Geocaching is an adult version of hide and seek and a way to recapture those feelings of searchings and finding. A geocache is a container ranging from very small to quite large that has been hidden. The person who hid the cache logs it on the geocaching.com website with a clever title, short description and GPS coordinates. The person who Seeks that cache downloads the information to a GPS enabled device or smartphone and later comes back to the webpage to let the Hider know if they found the cache or not and if they took something or not.
Oh yeah, the containers usually contain items you can take. These vary from rare coins to mundane items you would find in your junk drawer. The difference is you had to find that container and you earned a piece of the treasure inside. The rule of thumb is that if you take something your put something in.
I started last year when I bought a new hiking GPS that had a geocache function. I decided my first find would be a cache that I had run past hundreds of times, located at Tempe Town Lake on the Ironman Arizona run course. I could not believe it was hidden in plain site just feet away. I recently purchased the websites iPhone app which takes your current location and shows the closest geocaches. Last night while watching Mighty Mo's football practice I opened the phone app and found a cache less than 200 feet away. It took a few minutes to find, I signed the logbook but decided I would let my son look for it after practice and could pick the item he wanted to trade.

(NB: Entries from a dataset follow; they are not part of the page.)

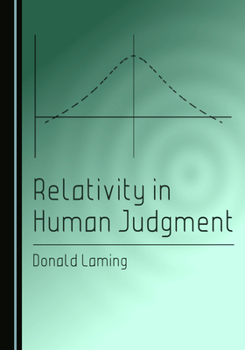 Hardcover Relativity in Human Judgment Book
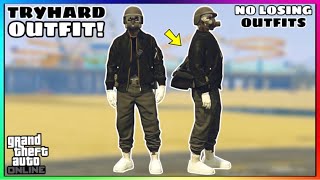 Easy Black Joggers Invisible Torso Glitch Tryhard Modded Outfit No Transfer GTA Online [upl. by Castro]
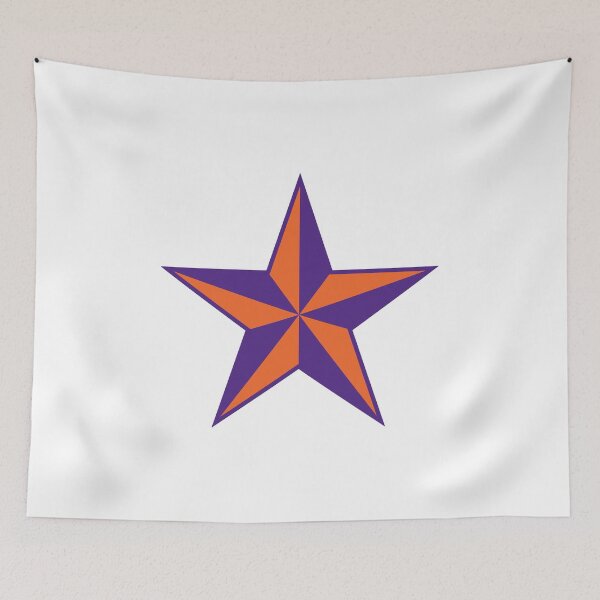 Item preview, orange and purple school colors designed and sold by designsbysamantha.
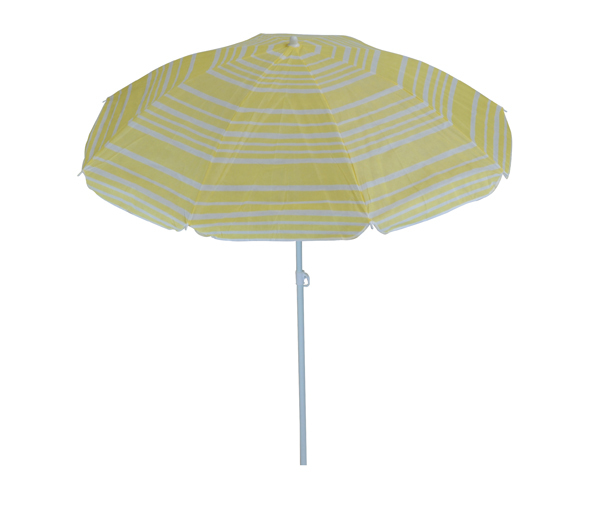 Ομπρέλα παραλίας ΤΝΤ 180/8 με σπάσιμο - διαμετρος 180cm σε 2 σχέδια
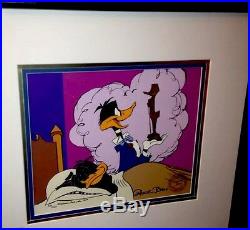 Daffy Duck Cel Warner Brothers Impossible Dream Signed Chuck Jones Rare Cell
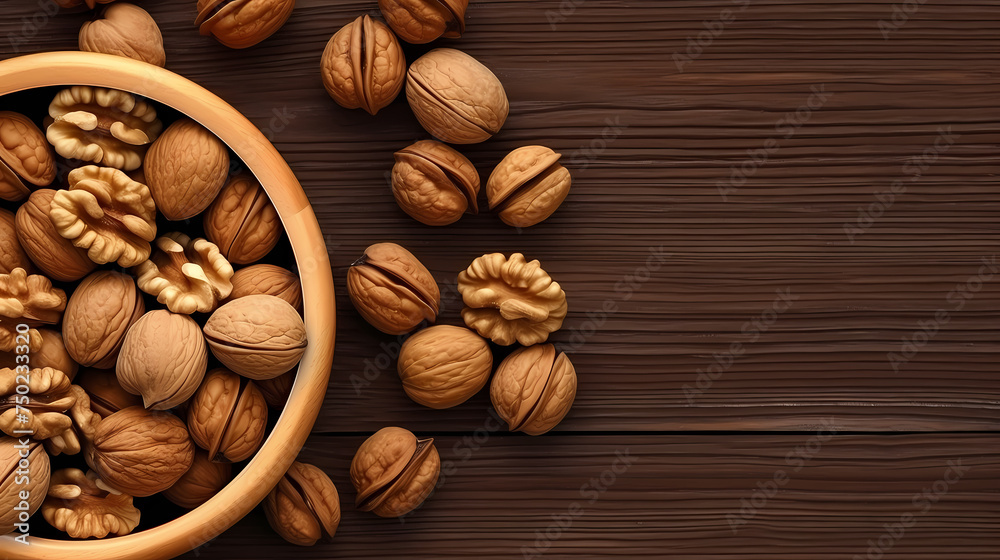 Fresh walnuts full frame close-up for background Fresh walnuts full frame close-up for background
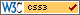 Icona di validit&agrave; del foglio di stile CSS usato, secondo le specifiche del W3C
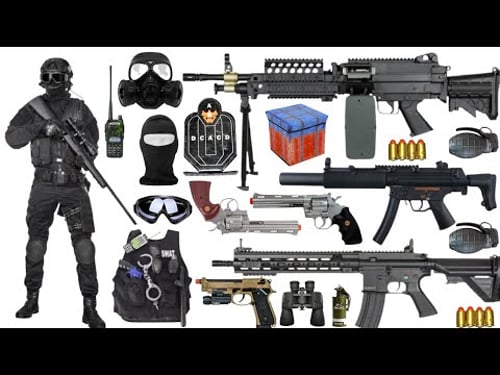 Special Forces Military Toy Gun Set Unboxing!Shotgun, AK47, Machine Gun, Kar98 Sniper Rifle, Beretta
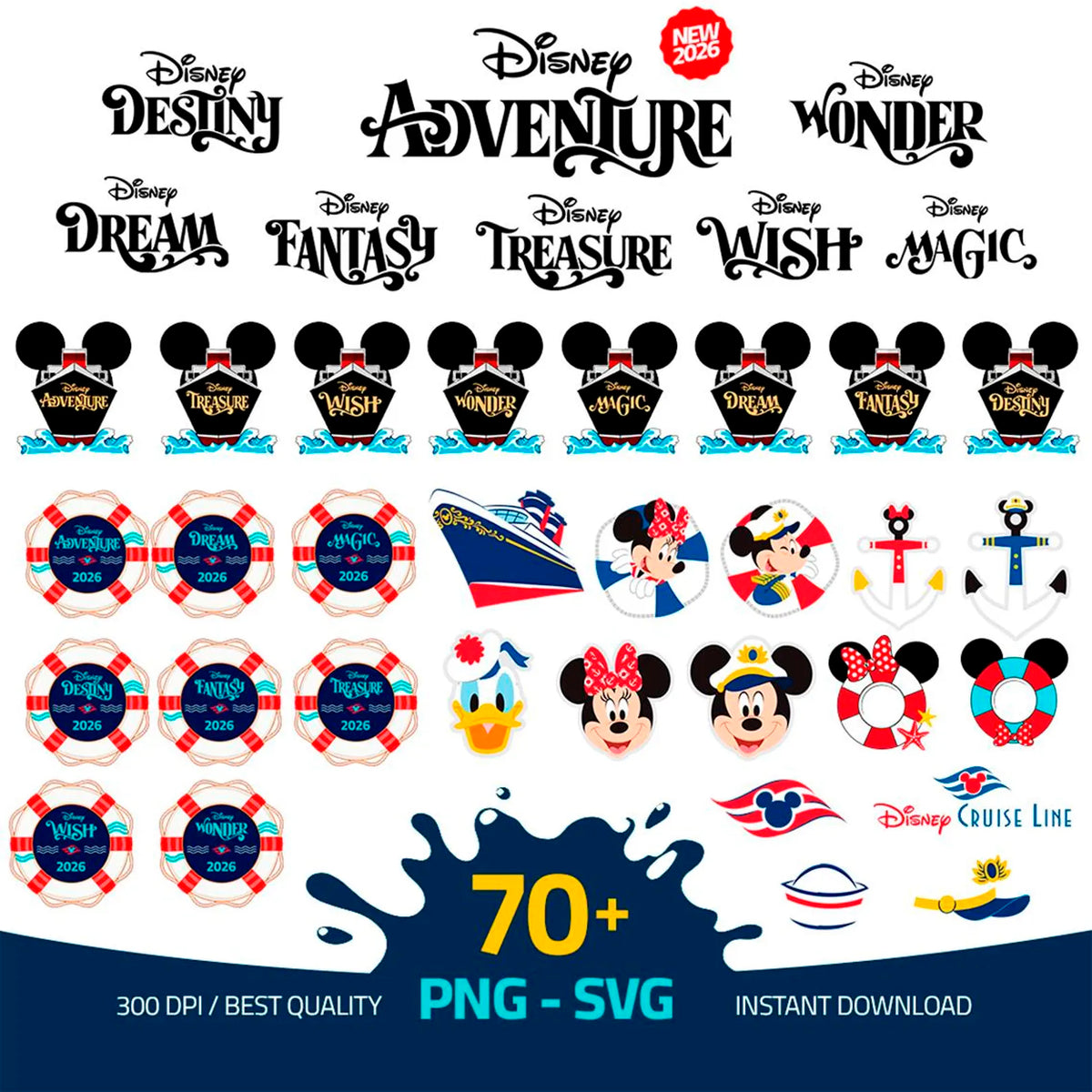 2027 Disney Cruise Family Vacation Svg Png Birthday Cruise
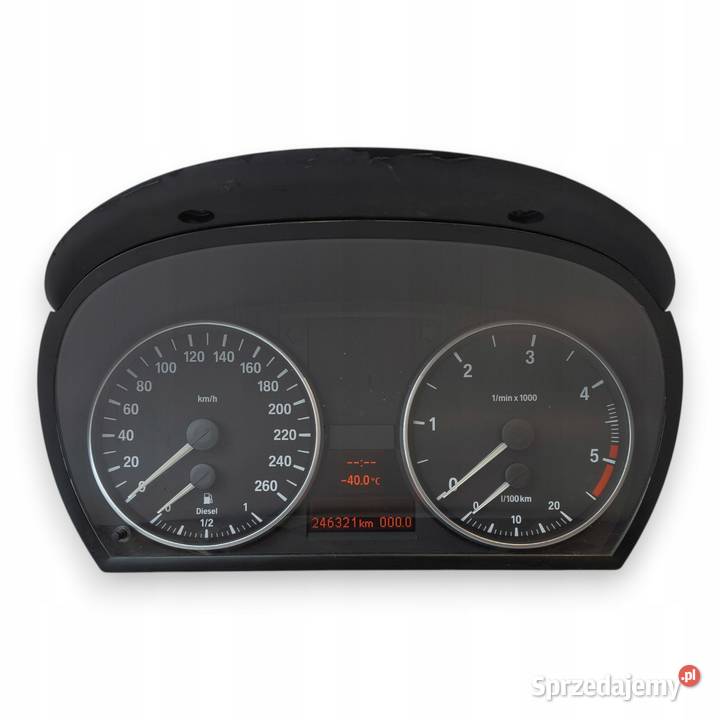 LICZNIK ZEGARY 9122602 BMW E90 E91 20 D Diesel sprzedam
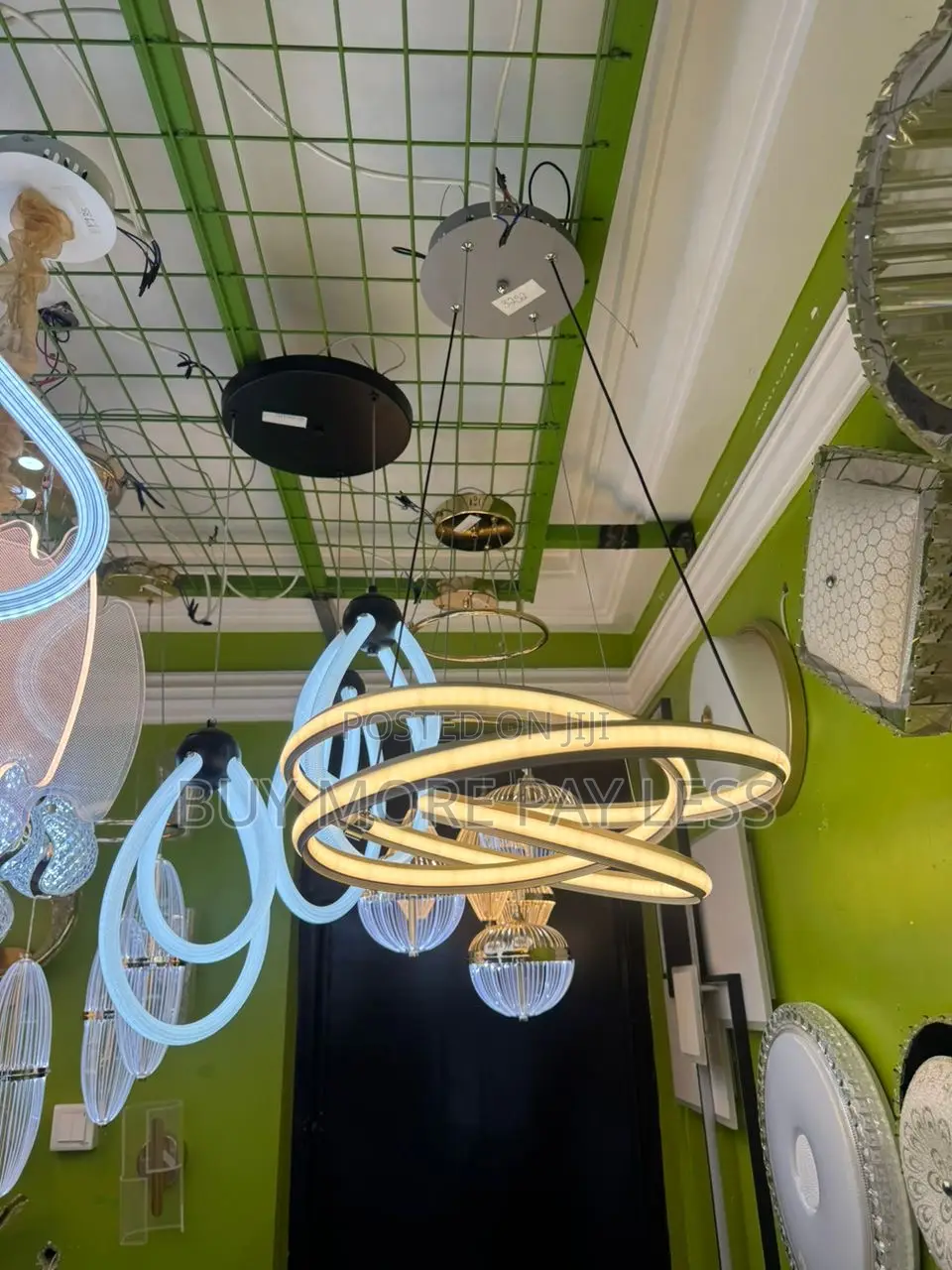 Modern 3-Ring Led Pendant Light Chandelier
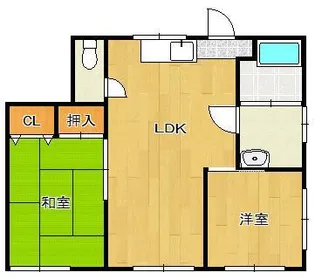 丸味ビル【3階】の間取り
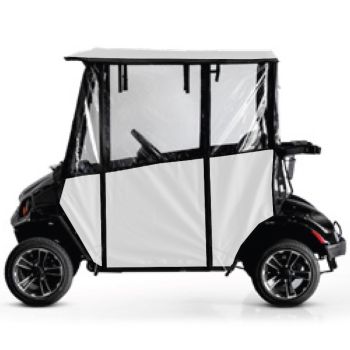 E-Z-GO 2-Passenger 54-inch Enclosure - White - 2021-2025 Express S2 2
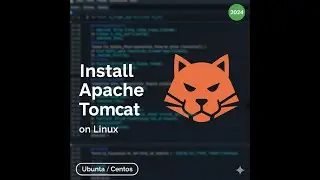 Install apache Tomcat Server in Linux  #tomcat #apache #tomcatserver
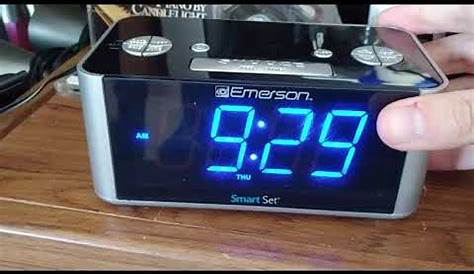emerson smart set clock manual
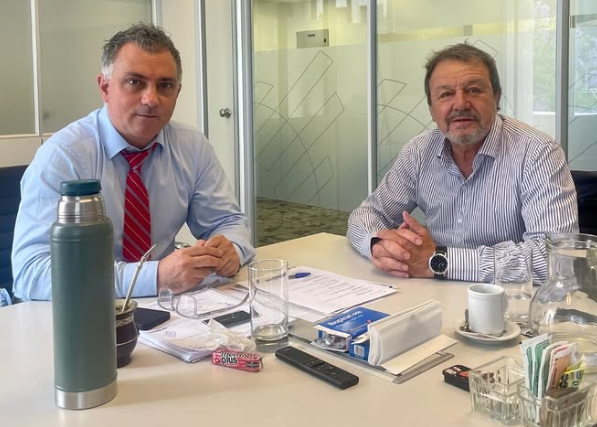Sebastián Pareja y Roberto Costa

Mighty Mo is at the age where finding buried treasure is still a reality in his mind. We go looking together and he gets a kick finding a container tucked into a tree or under a bush or camouflaged in a clever way. It amazes him that you can just walk up and find things like this. Last night when I picked through the cache I thought he would take a small rubber snake. He found a Star Wars toy from McDonalds that completes a collection of his. Treasure indeed.
Geocaching is a world wide phenomenon, yet you don't need to go further than a few miles from your house to get started. If you have an older GPS it costs you nothing to get started. You print out the cache page and manually enter the coordinates into the unit. New GPS units may have a geocache function that downloads the page information into the unit and leads you there then you can uploads your results later. Geocaching.com has a $9.99 iTunes app. that is amazingly simple. It's a great way to spend a few hours as a family discovering new facets to your neighborhood. Or a nice diversion on a lunch break. It has given a new dimension to my running and now plan routes in new areas so I can find new caches.